- WORK REQUIRED: In how many lines of the records does the word "Design" appear? Reply with the number and nothing else.

------ AVAILABLE RECORDS ------

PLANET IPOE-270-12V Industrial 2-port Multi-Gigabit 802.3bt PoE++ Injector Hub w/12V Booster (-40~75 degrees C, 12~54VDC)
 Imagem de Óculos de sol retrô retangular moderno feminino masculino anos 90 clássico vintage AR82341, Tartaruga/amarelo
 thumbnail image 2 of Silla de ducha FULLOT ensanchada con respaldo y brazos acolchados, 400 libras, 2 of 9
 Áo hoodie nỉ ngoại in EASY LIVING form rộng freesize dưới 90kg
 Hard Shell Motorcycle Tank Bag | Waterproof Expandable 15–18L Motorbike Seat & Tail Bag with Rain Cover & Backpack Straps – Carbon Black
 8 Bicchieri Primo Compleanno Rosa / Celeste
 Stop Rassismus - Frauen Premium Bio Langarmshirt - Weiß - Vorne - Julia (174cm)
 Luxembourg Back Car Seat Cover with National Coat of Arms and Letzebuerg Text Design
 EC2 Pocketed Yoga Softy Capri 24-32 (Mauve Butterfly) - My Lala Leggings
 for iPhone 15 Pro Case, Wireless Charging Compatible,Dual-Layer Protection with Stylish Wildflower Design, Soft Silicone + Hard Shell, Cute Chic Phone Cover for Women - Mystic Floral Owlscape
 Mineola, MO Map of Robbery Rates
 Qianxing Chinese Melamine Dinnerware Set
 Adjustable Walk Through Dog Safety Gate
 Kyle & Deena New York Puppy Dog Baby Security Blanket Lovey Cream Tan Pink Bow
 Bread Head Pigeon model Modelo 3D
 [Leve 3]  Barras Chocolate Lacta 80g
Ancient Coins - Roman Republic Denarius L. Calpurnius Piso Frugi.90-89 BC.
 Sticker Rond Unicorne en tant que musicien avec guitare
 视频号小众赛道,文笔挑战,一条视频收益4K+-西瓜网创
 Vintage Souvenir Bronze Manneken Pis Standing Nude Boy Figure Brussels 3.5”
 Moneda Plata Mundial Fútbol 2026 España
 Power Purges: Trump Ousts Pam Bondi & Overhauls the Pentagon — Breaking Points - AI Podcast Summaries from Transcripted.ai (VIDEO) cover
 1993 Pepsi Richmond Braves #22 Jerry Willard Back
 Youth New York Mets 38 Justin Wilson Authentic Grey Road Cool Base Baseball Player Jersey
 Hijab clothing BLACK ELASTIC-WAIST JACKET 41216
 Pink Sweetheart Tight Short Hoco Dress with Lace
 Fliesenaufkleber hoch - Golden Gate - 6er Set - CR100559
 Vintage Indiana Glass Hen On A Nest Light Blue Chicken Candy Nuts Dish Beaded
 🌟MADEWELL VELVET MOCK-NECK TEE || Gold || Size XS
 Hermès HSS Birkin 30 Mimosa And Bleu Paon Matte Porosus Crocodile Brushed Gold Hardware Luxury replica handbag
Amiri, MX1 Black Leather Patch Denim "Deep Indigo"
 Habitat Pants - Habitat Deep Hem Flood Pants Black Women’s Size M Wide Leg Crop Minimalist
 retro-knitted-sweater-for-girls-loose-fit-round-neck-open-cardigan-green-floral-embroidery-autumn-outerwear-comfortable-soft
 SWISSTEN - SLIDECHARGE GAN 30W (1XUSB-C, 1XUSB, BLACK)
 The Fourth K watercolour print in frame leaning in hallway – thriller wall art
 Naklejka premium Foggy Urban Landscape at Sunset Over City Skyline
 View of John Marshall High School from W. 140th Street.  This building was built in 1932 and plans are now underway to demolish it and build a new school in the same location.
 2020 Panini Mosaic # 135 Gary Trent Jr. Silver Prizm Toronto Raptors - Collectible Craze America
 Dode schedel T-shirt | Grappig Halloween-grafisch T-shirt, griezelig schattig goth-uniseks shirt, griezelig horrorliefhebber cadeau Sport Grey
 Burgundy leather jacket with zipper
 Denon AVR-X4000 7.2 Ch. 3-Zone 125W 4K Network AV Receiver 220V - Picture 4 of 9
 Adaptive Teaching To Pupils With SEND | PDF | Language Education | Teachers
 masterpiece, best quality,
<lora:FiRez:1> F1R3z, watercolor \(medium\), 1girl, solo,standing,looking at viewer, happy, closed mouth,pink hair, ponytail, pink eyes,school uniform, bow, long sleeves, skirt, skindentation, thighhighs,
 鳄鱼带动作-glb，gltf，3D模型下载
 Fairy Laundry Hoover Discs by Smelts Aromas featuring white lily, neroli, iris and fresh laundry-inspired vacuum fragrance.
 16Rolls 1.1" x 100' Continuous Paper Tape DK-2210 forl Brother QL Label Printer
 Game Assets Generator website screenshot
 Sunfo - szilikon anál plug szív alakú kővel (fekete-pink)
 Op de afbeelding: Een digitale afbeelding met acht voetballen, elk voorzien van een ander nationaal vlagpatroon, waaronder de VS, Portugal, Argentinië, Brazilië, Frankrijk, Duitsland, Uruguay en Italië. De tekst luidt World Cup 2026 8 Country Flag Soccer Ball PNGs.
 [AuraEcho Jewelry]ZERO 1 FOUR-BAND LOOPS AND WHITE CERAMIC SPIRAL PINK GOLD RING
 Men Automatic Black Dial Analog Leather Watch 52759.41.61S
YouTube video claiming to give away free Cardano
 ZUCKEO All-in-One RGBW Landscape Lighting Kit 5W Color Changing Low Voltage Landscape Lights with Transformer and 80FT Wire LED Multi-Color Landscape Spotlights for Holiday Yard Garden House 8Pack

------

- SOLUTION TO THIS PROBLEM: 2